No mere courtroom saga, Made in America dedicates more than a third of its epic runtime to the world before June 12, 1994, the night Nicole Brown Simpson and Ron Goldman were murdered in Brentwood, California. It’s about O.J. the star running back, who ran through defenses like “foreign water through a tourist.” He broke many color barriers on the road to mainstream stardom, yet he never joined any civil-right cause. Overhearing a woman say, “Look, there’s O.J. sitting with all those ni**ers,” Simpson responds, “She knew I wasn’t black. She saw me as O.J.”

This is also the story of LA—the Watts riots and police entitlement, civil-rights violations and wrongful deaths, the Rodney King verdict and a city on fire. Simpson, who spent his whole life trying to be colorless, if not white, was suddenly presented as a civil-rights hero. His defense team, playing to a black jury, even redecorated Simpson’s home by replacing photos of white friends with those of black people. “If we had had a Latin jury,” says defense attorney Carl E. Douglas, “we’d have had a picture of him in a sombrero. There would have been a mariachi band out front.”

Such candor makes Made in America feel revealing. Twenty years is time enough for people to let their guard down, and though defense players like F. Lee Bailey and Barry Scheck maintain their poker faces, most interviewees (Marcia Clark, the jurors) earn your respect even when they piss you off.
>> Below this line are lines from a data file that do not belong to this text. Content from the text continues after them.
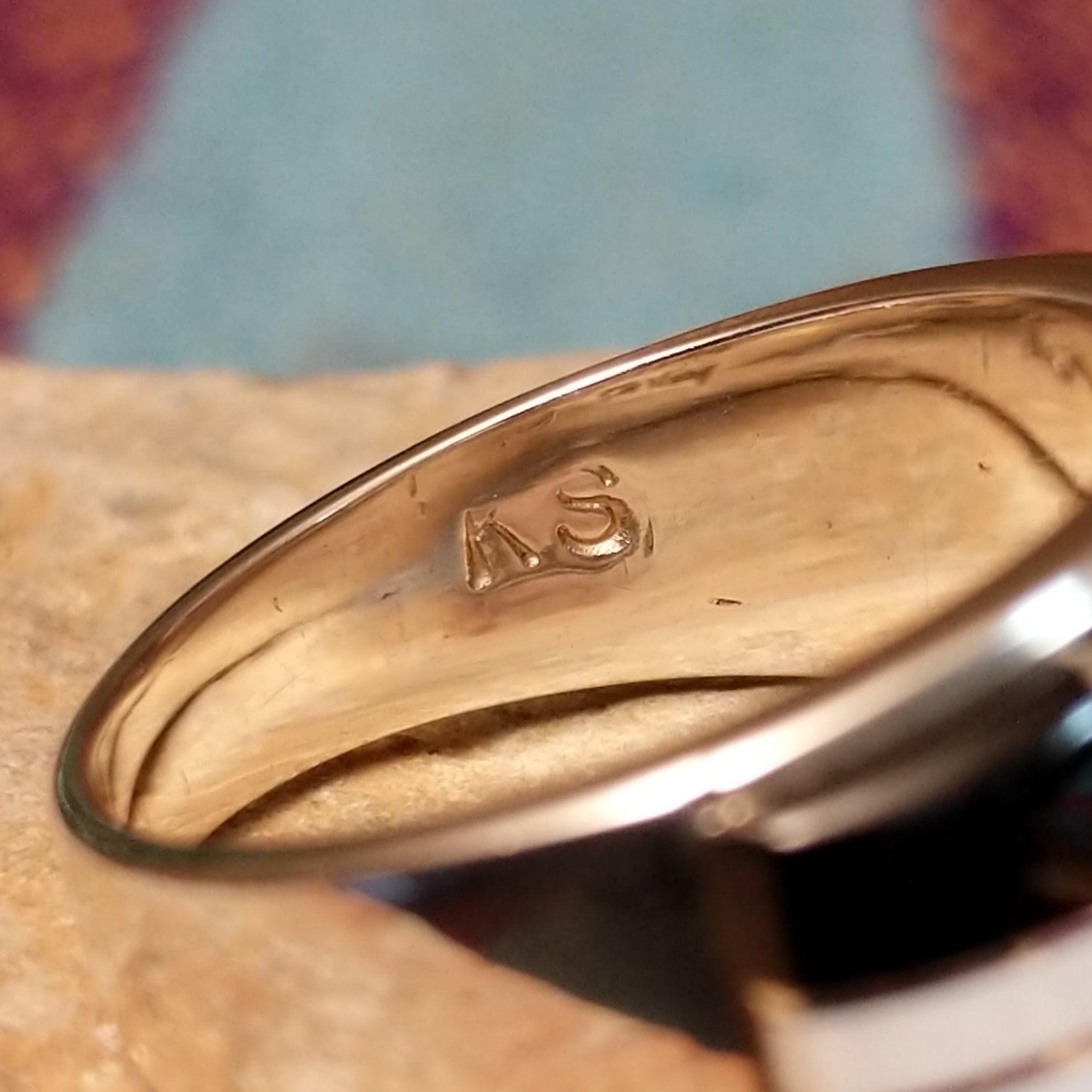 Magnesite & Black Onyx Ring by Karen Skeet featuring geometric white magnesite and black onyx inlay separated by fine silver channels across a wide polished silver band; artisan initials.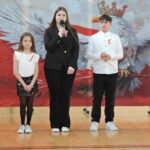 Troje uczniów stoi na środku sali gimnastycznej i recytuje wiersze o tematyce patriotycznej podczas uroczystości szkolnej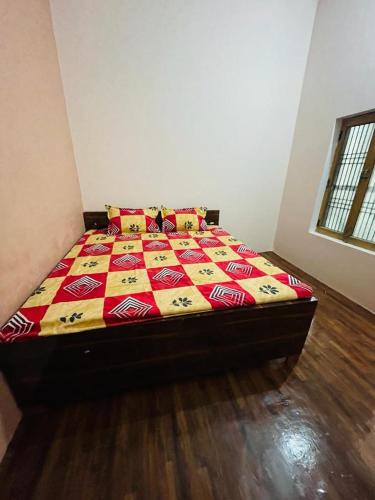 AyodhyaAshu Homestay的一间卧室配有一张带五颜六色棉被的床
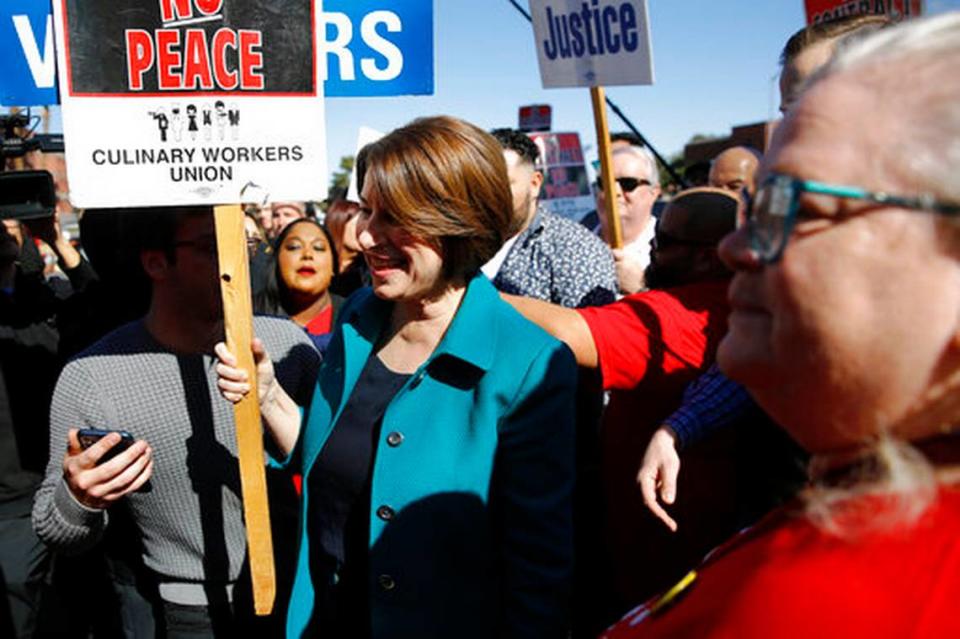 Democratic presidential candidate Sen. Amy Klobuchar, D-Minn., walks on a picket line with members of the Culinary Workers Union Local 226 outside the Palms Casino in Las Vegas, Wednesday, Feb. 19, 2020.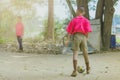 Student enjoy to play the old football with his friends on the ground Royalty Free Stock Photo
Even Mark Fuhrman comes off as … well, not sympathetic, but perhaps a tad admirable just for being present and accountable.

After the trial, Simpson went on to snort coke with strippers and small-time thugs on the sets of bad rap videos, with a laughably botched deal over sports memorabilia leading to his current incarceration. The final section of Made in America plays like a sub-regional, dinner-theater performance of Goodfellas, and it’s absolutely heartbreaking. No one in this story does the right thing (even Ron Goldman’s parents lose face), and when anyone tries, those efforts are wasted on an undeserving egomaniac, a man who, in the words of one pastor, “did more to hurt young African-American men and boys by putting on this charade.” It’s a true American tragedy.